Mallory's parents were founding members of Al Sharpton's National Action Network (NAN). She became active in NAN at age 11, only three years after Sharpton made a name for himself with his hate crime hoax in the Tawana Brawley case. By 1991, when Al Sharpton was helping incite Jew hatred and a pogrom in the streets of Crown Heights, Brooklyn, the young Mallory was under Sharpton's tutelage at NAN. Four years later, Sharpton helped incite further race riots against Jews, resulting in street deaths during the Freddy's Fashion Mart Massacre.[2]

Farrakhan

In February 2018, Mallory attended a Chicago speech given by Farrakhan, which Farrakhan called Jews “children of the devil” and members of the “synagogue of Satan.” While no formal attempt at an explanation was made by Women's March, Inc., Mallory engaged with critics on social media about the matter. On Twitter she posted: “If your leader does not have the same enemies as Jesus, they may not be THE leader!”[3]
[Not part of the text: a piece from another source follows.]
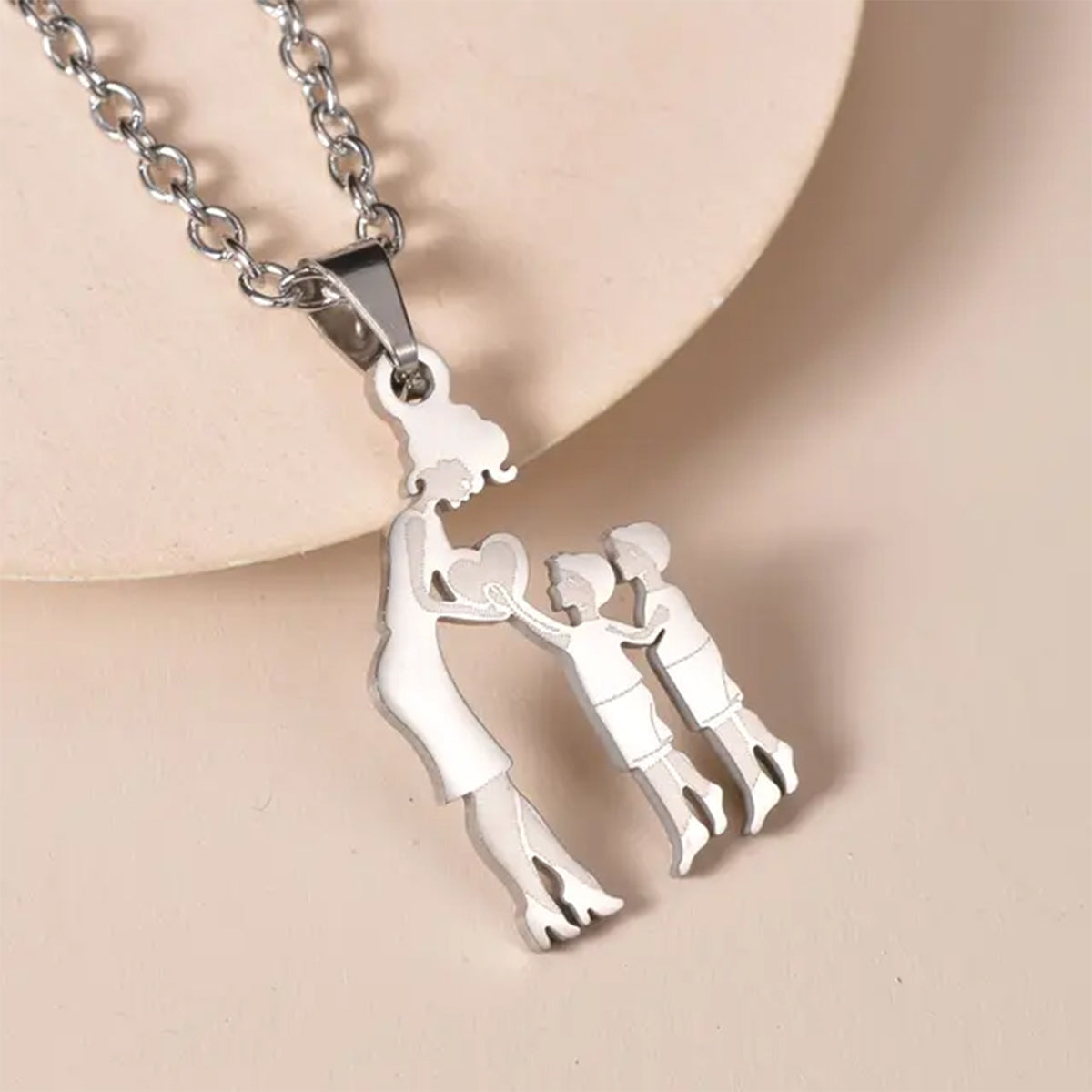 Mom With Children Custom Pendants Necklace - Mother Mom With Children Custom Pendants Necklace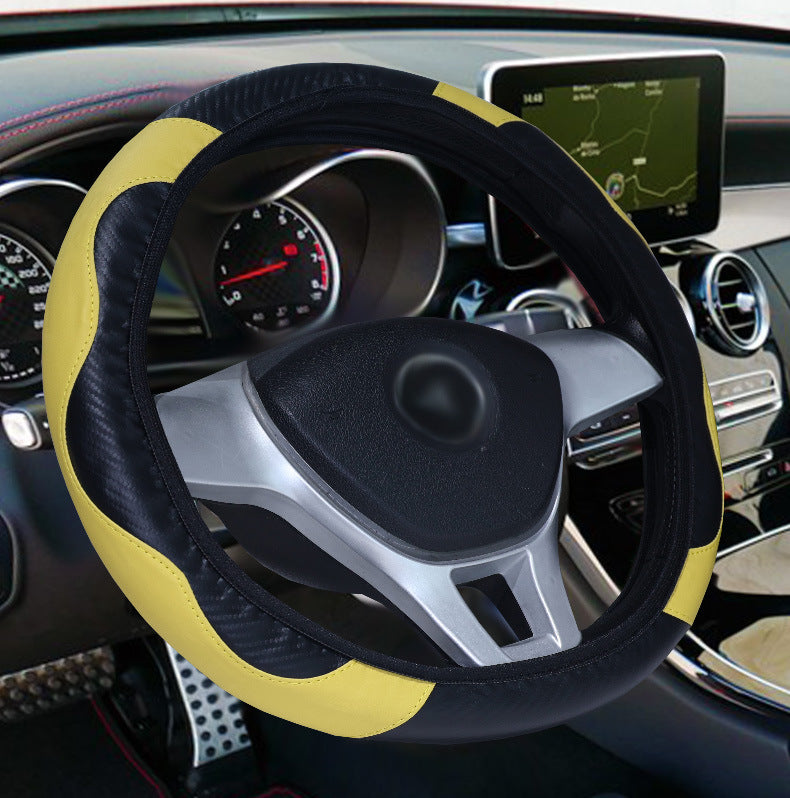 Elastic Carbon Fiber Leather Steering Wheel Cover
Shortly before Mallory was to be the keynote speaker at a June 2018 event in Australia, the organization cancelled her appearance following protests from Jewish groups regarding two recent statements by Mallory. After returning from a trip to Israel, Mallory declared the founding of the State of Israel in 1948 a “human rights crime.”[4]

During April 2018, Mallory accused the Anti-Defamation League of racial bias. The ADL had been enlisted by Starbucks to assist the company in a nationwide sensitivity training, following a controversy that had arisen when a Philadelphia store manager called police on two black men in the store. Mallory condemned the company's selection of the Jewish organization as one of its training groups. “Starbucks was on a decent track until they enlisted the Anti Defamation League to build their anti-bias training,” said Mallory in a Twitter statement calling for a boycott of Starbucks. “The ADL is CONSTANTLY attacking black and brown people.” In follow-up comments she stated: “The ADL sends US police to Israel to learn their military practices. This is deeply troubling. Let’s not even talk abt their attacks against .@blacklivesmatter.” Starbucks had also sought guidance from the NAACP Legal Defense and Education Fund and former U.S. Attorney General Eric Holder.

Noted speakers and participants at the January 2019 Women's March events included[5] presidential hopeful Sen. Kirsten Gillibrand,[6] Rep. Alexandria Ocasio-Cortez,[7] Rep. Ayanna Pressley,[8] Rep. Barbara Lee[9] and House Speaker Nancy Pelosi.[10]